奈須氏は、「個別最適な学びと協働的な学びの関係(独自学習と相互学習の往還)」について、奈良女子大学附属小学校の例をもとに以下のように述べています。
(以下、著書より抜粋)
木下竹次と奈良女附属小は、自分たちの取組を「学習法」という言葉で説明してきました。それは、どうやって子どもに教えるかという教授法ではなく、子どもたちはどのように学び育つか、また、学校や教師はそれをどのように支えるかを柱にして、日々の教育実践や教育研究を推進していこうとの立場を象徴しています。
そんな同校では、「特設学習時間」を典型とした個々人による自立的な学習を「独自学習」と呼ぶのですが、同時に集団で協働的に学び合う「相互学習」も大切にしていて、学習過程としては、独自学習→相互学習→独自学習という流れを理想としていました。これが、奈良の学習法の基本原理の一つということになります
この原理は今日でもなお大切にされていて、同校では普通の教科学習でも、まずは独自学習によって一人ひとりがしっかりと学び深めます。しかも、算数科の授業などでよくやられる「自立解決七分間」といったちゃちなものではなく、丸一時間、場合によっては数時間をかけて一人でじっくりと課題や教材と向き合い、納得がいくまで考え抜いたり調べたりする学習になることが多いです。
戦後、文部省で小学校社会科の創設に関わり、後に同校の主事を務めた重松鷹泰は「孤独の味」という言葉で独自学習の意義というか、その独特なたたずまいを表現しています。
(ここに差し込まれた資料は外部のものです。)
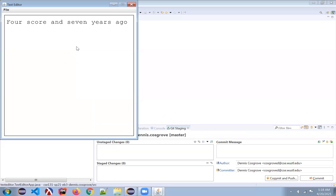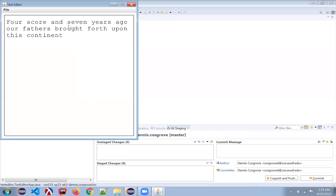And years ago, our fathers, and it goes on. So that's brought forth upon this continent. And I know that there are commas in here, and all that stuff. I can go back and forth and have fun and have it feel like a real text editor.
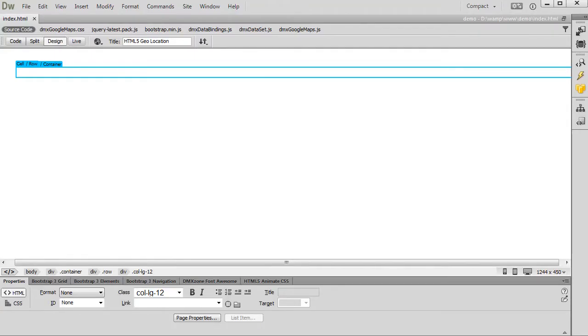Hi! With this movie we will show you how to use DMX Zone Google Maps with dynamic data coming from HTML5 data bindings data source.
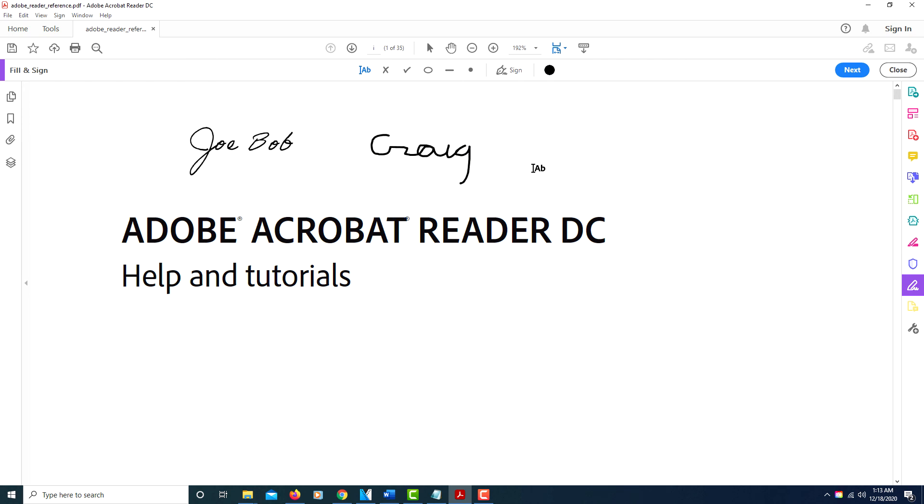around. But that's it, that's how you sign a PDF document. Thanks for watching.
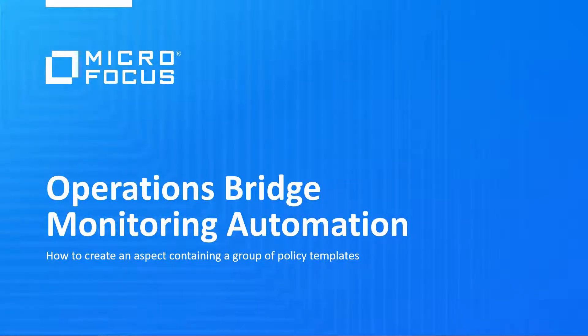Welcome to this OMI video tutorial. In this video, you will learn how to quickly create an aspect containing a group of policy templates.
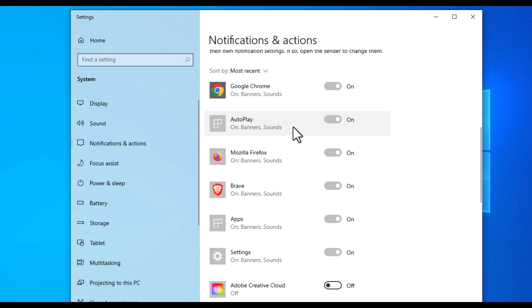If you wanted to turn off notifications for certain apps and leave notifications on for certain apps, you could toggle them on or off right here.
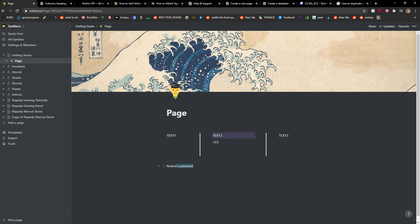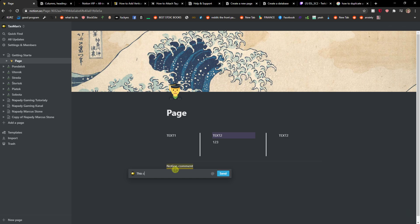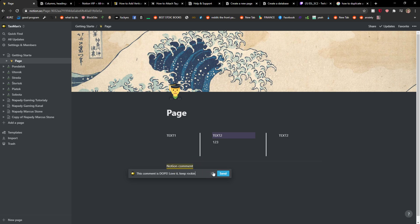You want to just take this text and then you're gonna see Ctrl+Shift+M comment on selected text. And this comment is dope, love it, keep rocking, right? And then you can choose someone.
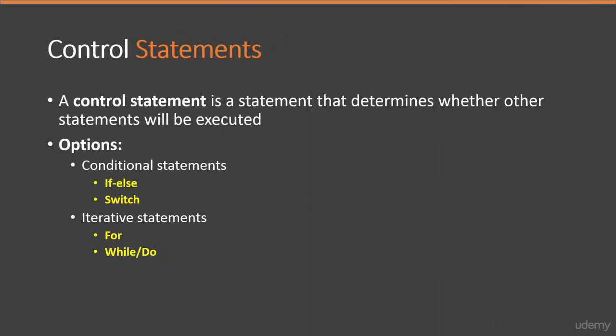To really start building more complicated code, we need to use control statements. Control statements enable us to specify the flow of our program.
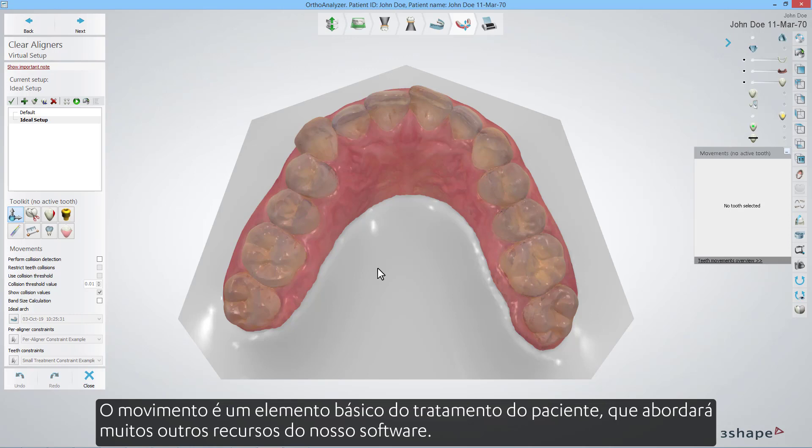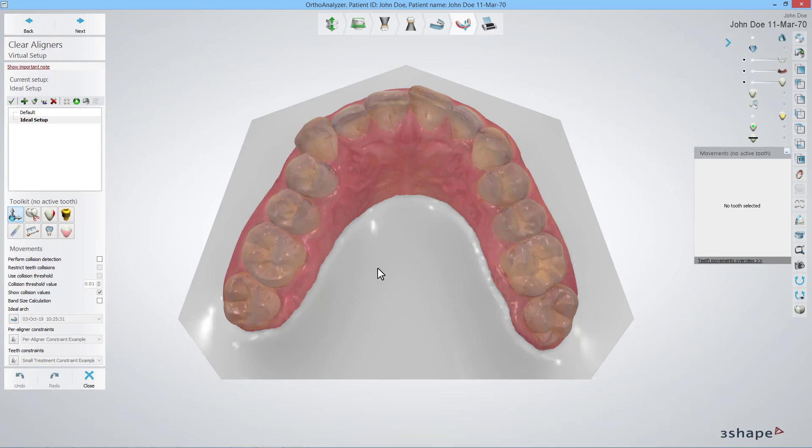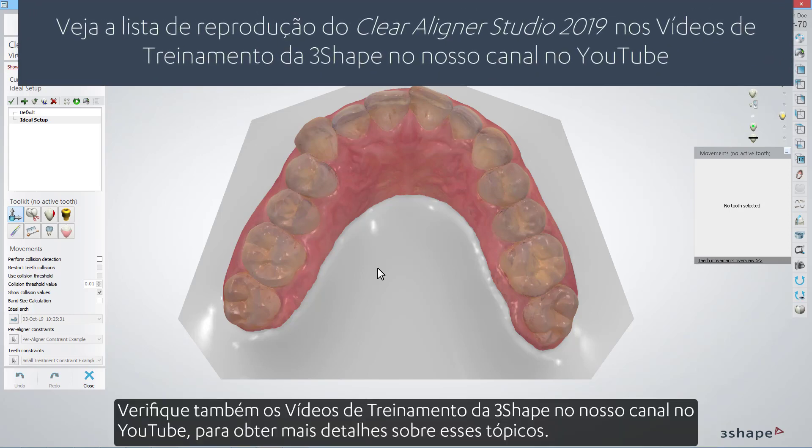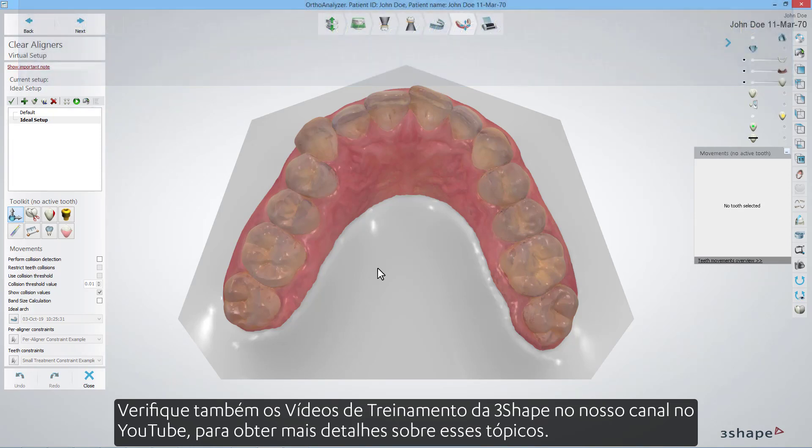Movement is an elementary element of the patient's treatment that will touch upon many other features of our software. Please make sure to check out the videos on our 3Shape Training Videos YouTube channel as well for further details on those topics.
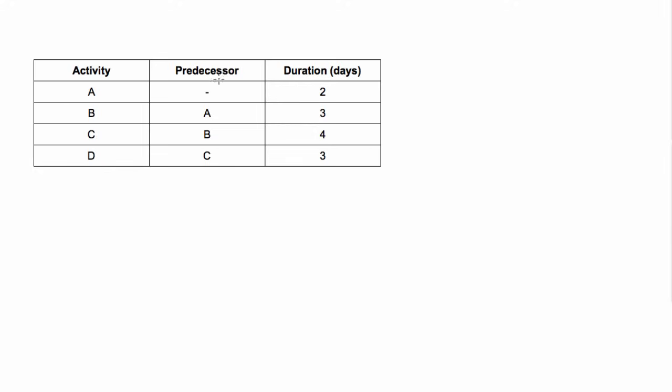These predecessors mean what has to be done before you can start it. So for activity A there's nothing that has to come before it, it's at the beginning of the project.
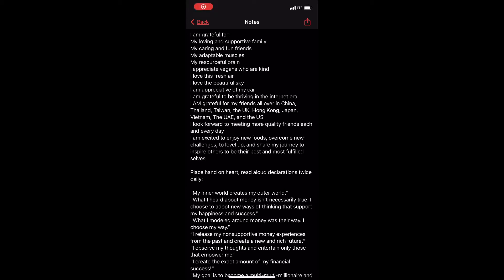I am grateful for my loving and supportive family, my caring and fun friends, my adaptable muscles, my resourceful brain. I appreciate vegans who are kind. I love this fresh air. I love the beautiful sky.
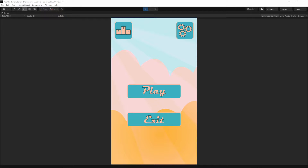Welcome to the 13th episode of our Power Matching Game Tutorial. In today's episode we will address two issues inside the game.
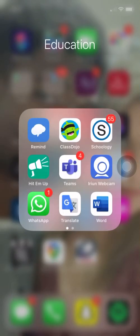Hey everyone, so in this video I'm going to show you how you can download a Microsoft Word document from Schoology, how you can type on it, and then how you can upload it back to Schoology once you're done so that you can submit the assignment.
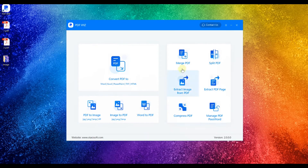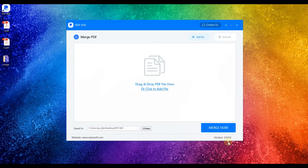Step 1. To merge PDF files, click on Merge PDF on the home interface.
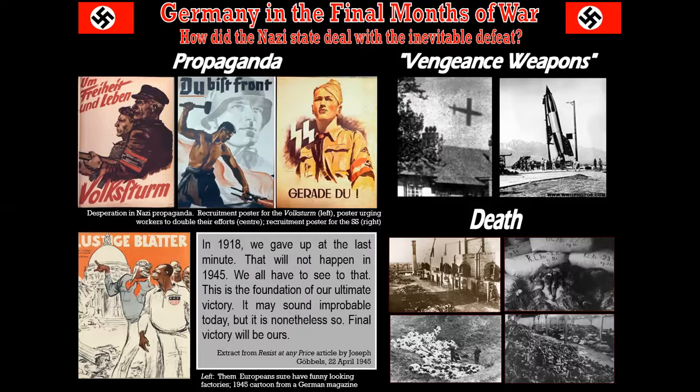Adolf Hitler famously said, "If the German people have led themselves to this point, then they deserve oblivion." And, of course, death.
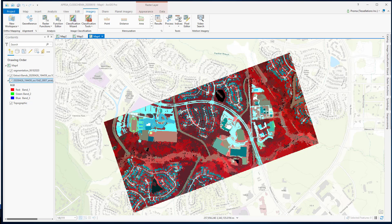These classes belong to a land-use classification system that is called a schema. In this video, we will discuss the object-based supervised classification process. In the classification process, when the user decides which class category should be assigned to the pixels, then it's called supervised classification. In the object-based approach, classification is performed on localized neighborhoods of pixels.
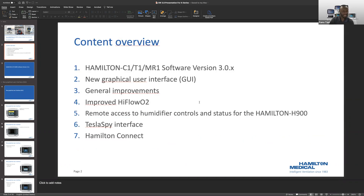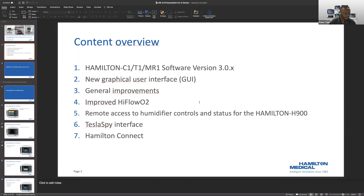The content overview of what I'm going to present: we're going to talk about the 3.0 software update on the T1, C1, and MR1. There's a new graphical user interface we'll go over, some general improvements, and improvements to high flow mode. You can also access the H900 humidifier with the newer software update. On the MR1, the Tesla SPI interface has a little bit of an update, and last but not least is the Hamilton Connect.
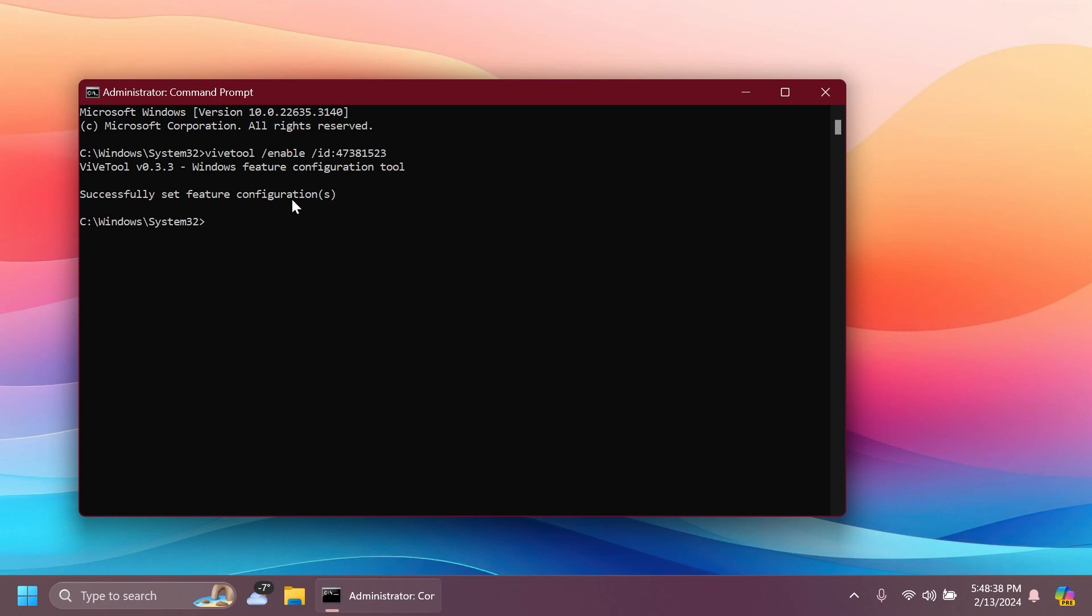This command will be in the article below if you want to copy and paste it. And this will enable this new experience with the co-pilot icon on the right side of the taskbar. And of course, shout out to Phantom Motion 3 for providing the ID for this feature on the beta channel.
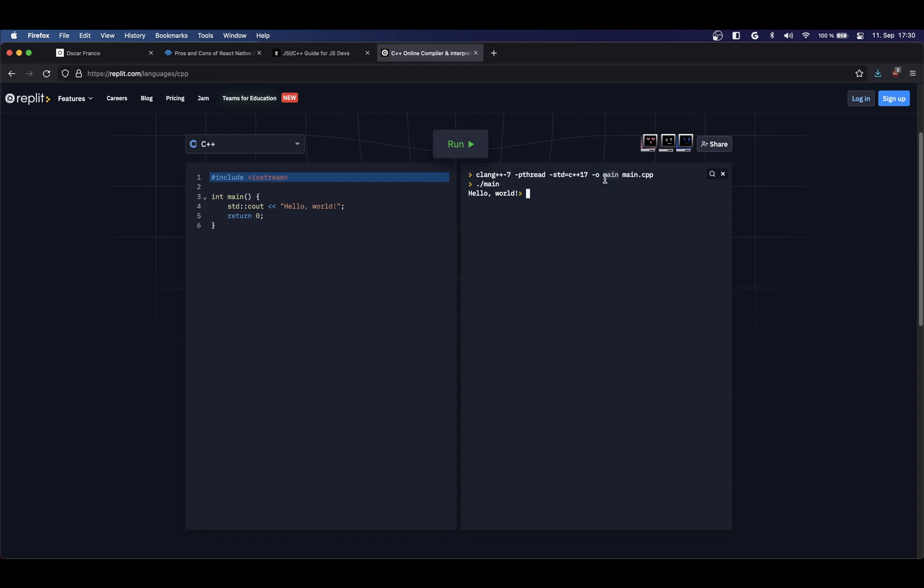So you need to link your object files with the dependencies, the dynamic libraries or static libraries that you want to use. This is the main difference. So your program gets compiled into an object file. If you're using any dynamic library, you won't be able to run it until you link it. And when you link it, then you will get a standalone executable. You can port to a different machine, you can send it and execute it just fine.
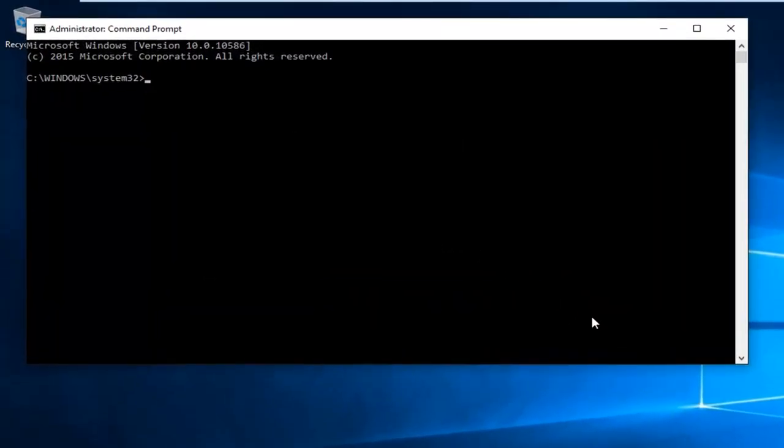Now we want to enter our root directory which is our C drive. We're going to type in CD space and then a forward slash.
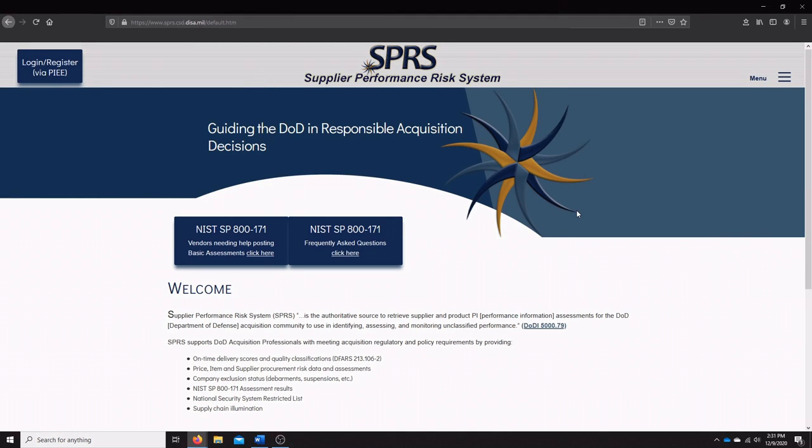Hello everyone, my name is Brendan and today we're going to be taking a look at the Supplier Performance Risk System, also known as the SPRS.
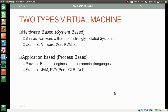The other type of virtual machine is application based or process based. They provide runtime engines for programming languages. Examples of application based virtual machines are JVM, PVM, and CLR. Using JVM, we run Java bytecode. Using PVM, we run Perl based applications. And using CLR, we run .NET based applications.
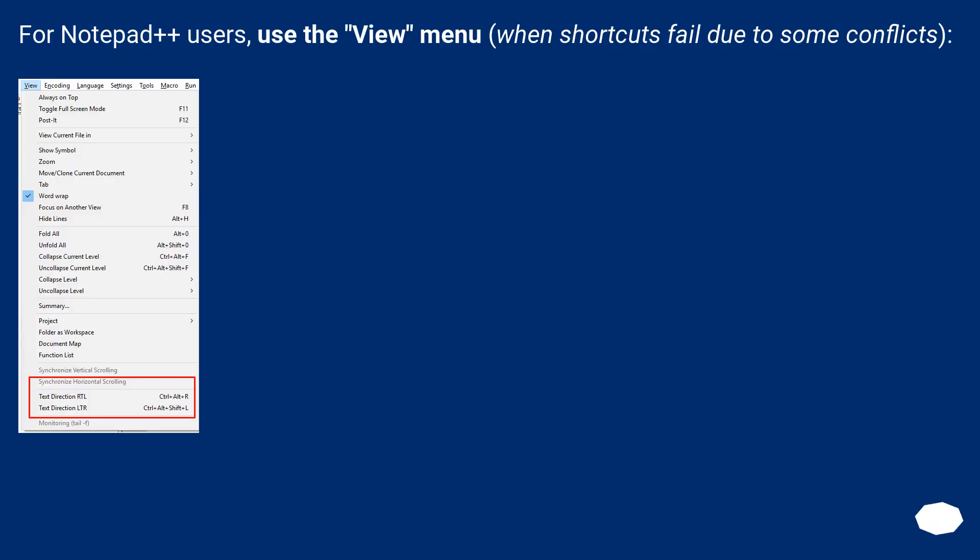For Notepad plus plus users, use the view menu when shortcuts fail due to some conflicts.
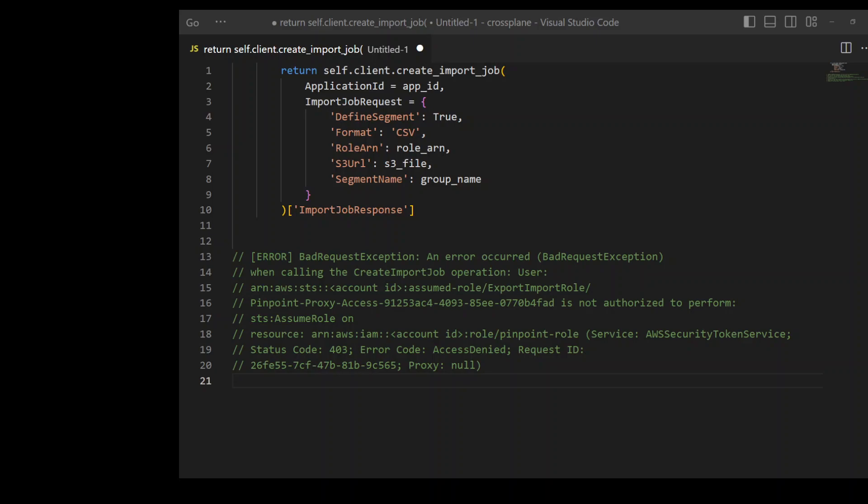So in order to retrieve that custom message, I was trying to import that into my code so that I could process it and then send it across to the users. The first task was to import that CSV from S3 bucket.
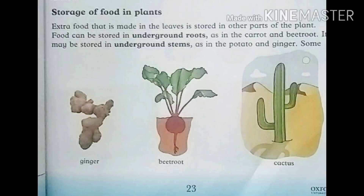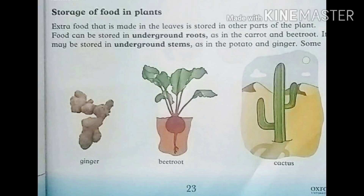Extra food that is made in the leaves is stored in other parts of the plants. Food can be stored in underground roots, such as in the carrot and beetroot. It may also be stored in underground stems, such as in the potato and ginger.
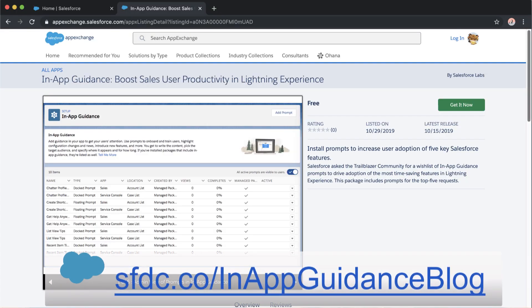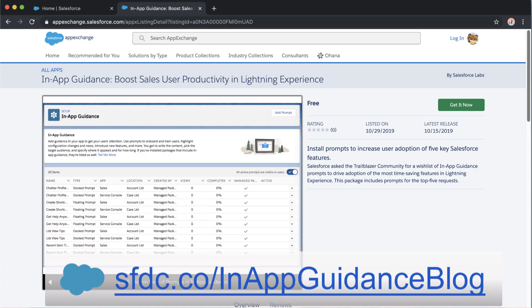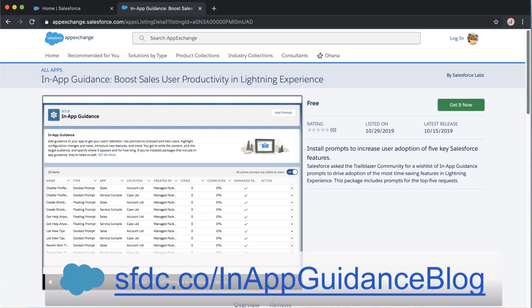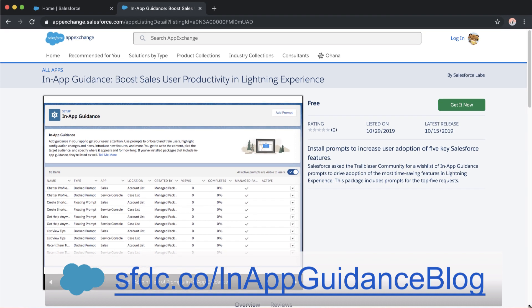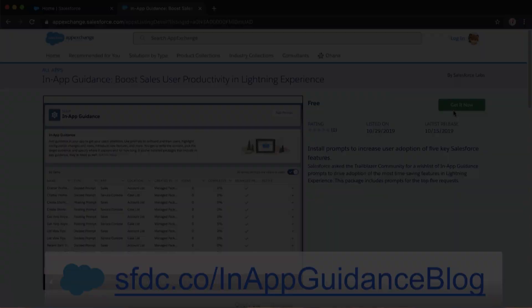So you can get all of these prompts pre-built for you by Salesforce by installing this package for in-app guidance. It'll really help you get started with in-app guidance prompts. And then we hope that you create some of your own as well.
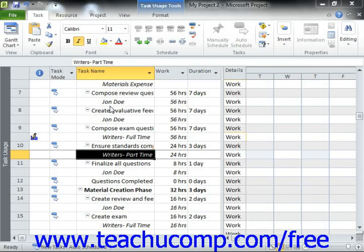Within many types of tasks and many types of projects, the workload may not be evenly distributed throughout the task duration. Some tasks have more work involved in the beginning or towards the end of the task's duration. These are often referred to as front-loaded or back-loaded tasks. While you can manually edit the assignment details directly to account for the actual work, you can also apply work contours to tasks with a fairly predictable workload to distribute the workload over the task duration.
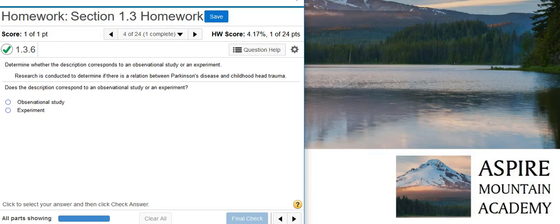Howdy! I'm Professor Curtis of Aspire Mountain Academy, here with more Statistics Homework Help. Today we're going to learn how to distinguish an observational study from an experiment.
一人静かに沈思黙考して課題と正対し対話すること、また、その過程において必然的に生じるであろう自己との正対や対話は、その子の学び、そして成長にとって、きわめて貴重にして決定的に重要な経験となるに違いありません。
(以上)
道徳科授業で、上記の「独自学習」がどれぐらい確保されているかを想像してみると、ほぼ確保できていないという現実があります。ワークシートに考えを書く時間はあるかもしれませんが、子供たちの「書きたい」という気持ちから生まれた時間ではなく、教師の指示によって生まれる時間なので、奈良女子大学附属小の「独自学習」とは異なるものといえるでしょう。
道徳科では一つの内容項目について年間で複数時間扱います。例えば、そのうちの一時間を「独自学習」として取り組んでみてはどうでしょうか。新聞記事や補助資料等を使い、自分たちで道徳的諸価値について考える時間を十分に確保する。事前に教材を読ませておいて、自らの考えをしっかりともたせておく。そのうえで、授業時間を「相互学習」の時間として扱う。
従来の道徳科授業は45分(50分)を一つの括りとして考えていました。令和の道徳科授業を考える際、その授業観を今一度見直してみてはいかがでしょうか。